Much like what he’s done to his hair, Digweed has tried to spruce his sound up on volume two, perhaps with a tad more success. The first volume was released just nine months ago, but gone for the most part are the electrohouse squeaks and buzzes that divided fans in 2006; in their place Digweed has run with a palette of slick, trancey synths and shimmering melodies, if anything recalling some of his earliest DJ sets.
Opening track 'Mind Games' from ex-Planet Funk engineer Abyss is a little reminiscent of 'Rej', but combined with its B-side 'The Dreamer', the pair make for a dreamy, melodic start typical of the Digweed of old and a good signpost of things to come. Guy Gerber's rejig of 'Dana' by newcomer Chaim is equally floaty: blissed out house that drifts skywards up into the clouds. Ten minutes later, however, the mix takes a dark turn as the sinister undertones and moody bassline of Williams' ‘The Shivering’ take you to 4 a.m. in a flash. This is classic Digweed that the faithful won’t be able to resist.
The early melodies set this mix apart from its predecessor, but it’s not a total shift in direction. David K, who delivered the stabbing synths of ‘Beautiful Dead’ on the first volume, returns with the bouncy xylophone riffs on ‘Boul de Nerf’ – likeable and laidback electrohouse in the Get Physical mold. Three tracks later Gerber's 'Digital Memories' is another slice of lush, melodic proggy techno that melds the Frankfurt sound with the progressive template – it’s no fluke that Gerber is signed to both Digweed's Bedrock label and the Cocoon roster. Elsewhere Robert Babicz brings standout groove and warmth to proceedings on two remixes in the vein of his Out of Orbit twelve 'My Blue Car', but it’s at the end that the mix is most riveting: Jackmate's 'Manray’ is a flurry of pads and techno synths that’ll transport the listener back to their opening state of bliss.

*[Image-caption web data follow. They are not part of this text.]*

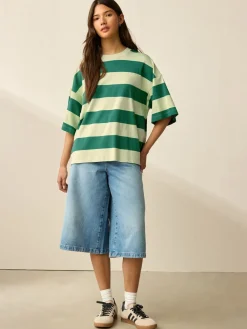 Next Green Monochrome Oversized Relaxed Fit Boxy Heavyweight Crew Neck T-Shirt Best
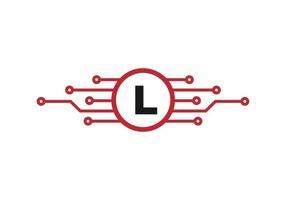 logo de la technologie lettre l. création de logo de réseau vecteur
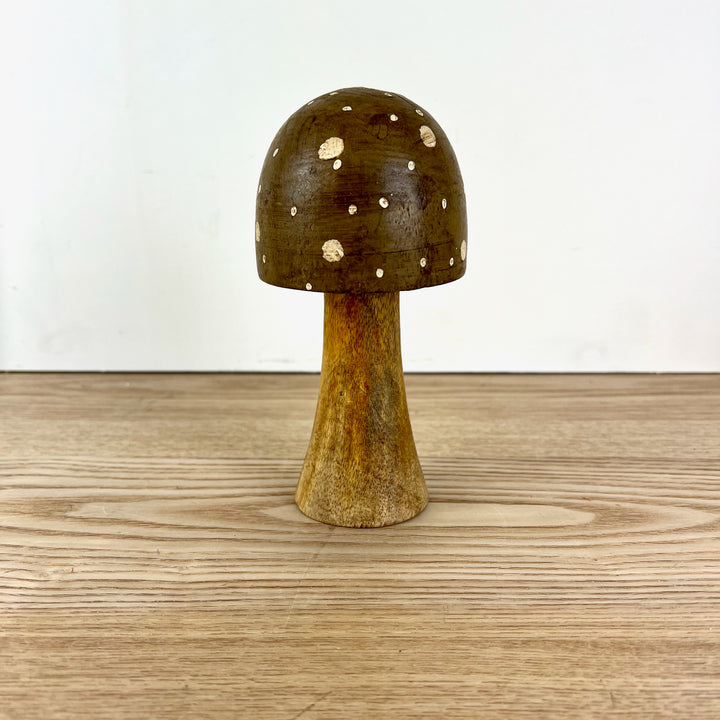 Brown Polka Dot Wooden Mushrooms, 4 sizes available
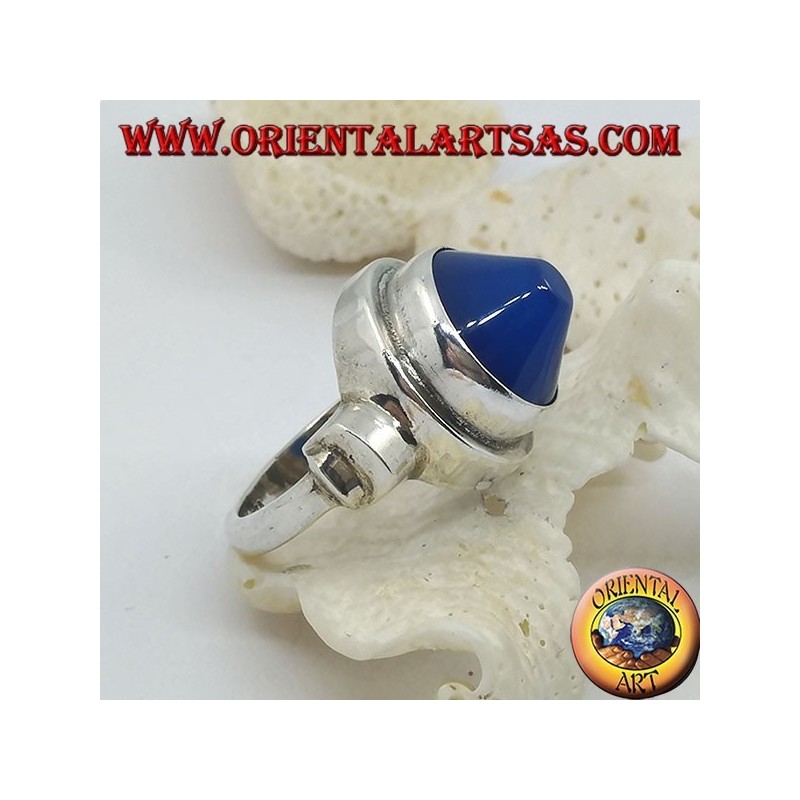 bague en argent avec agate bleue conique
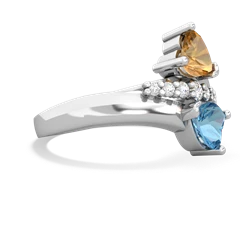 Citrine Heart To Heart 14K White Gold ring R2064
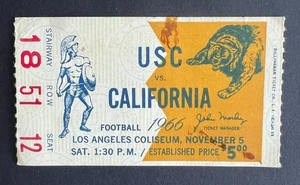 Vintage 1966 NCAA Football Cal Bears vs USC Trojans Ticket Stub 11/5/66 - Picture 1 of 2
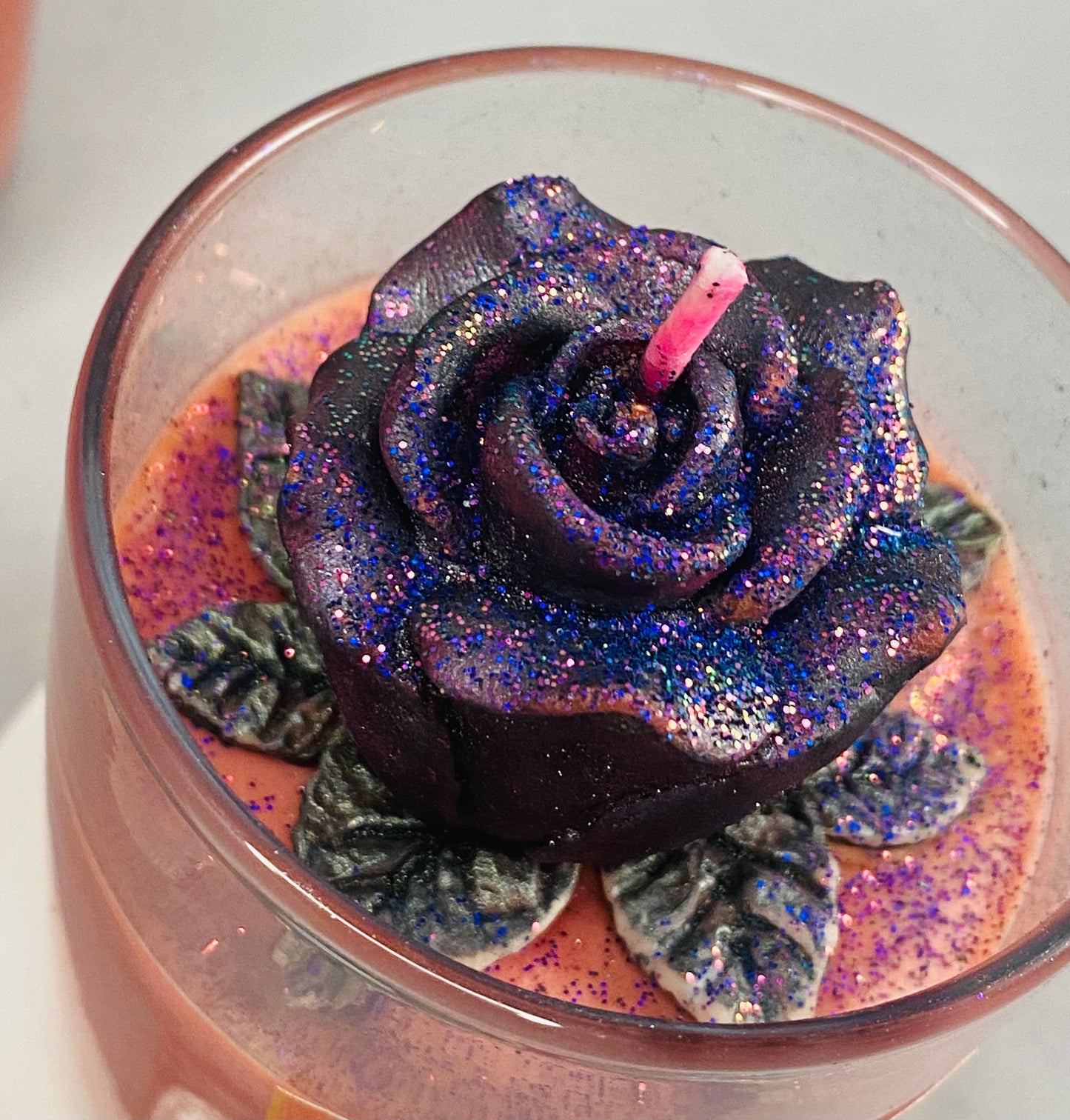 Gilded Black Rose Candle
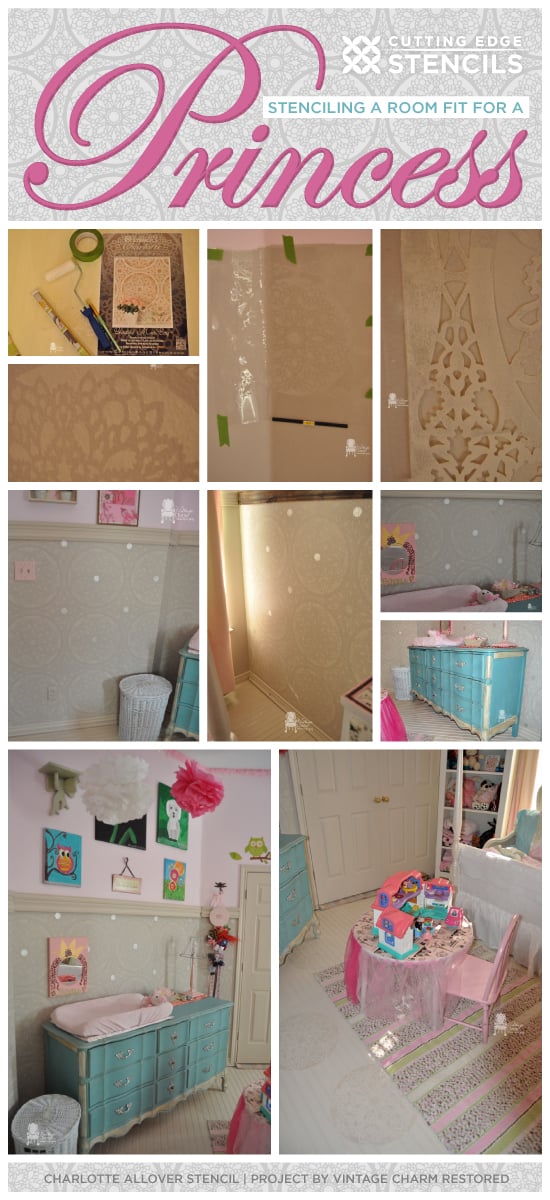 A Stenciled little girls' room using the Charlotte Allover Stencil from Cutting Edge Stencils. http://www.cuttingedgestencils.com/charlotte-allover-stencil-pattern.html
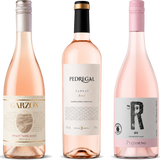 Three bottles of rosé wine displayed side by side on a plain white background: Garzon Pinot Noir Rosé on the left, Pedregal Tannat Rosé in the center, and Pizzorno Rose on the right.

Two volumes in and the ‘Transitions’ series is shaping up to be a bellwether of progressive fortunes. Where the first volume latched onto prog’s 2006 fascination with guns a-blazing electrohouse, T2 is a more subtle affair with melodic productions that draw on a less-is-more but still somehow progressive aesthetic. Each track fits perfectly with the next to create the genre's cliched but trademark “journey”, and that, combined with the fresh vinyl Digweed is buying, adds up to a mix that finds a way to fit progressive’s past nicely into dance music’s present.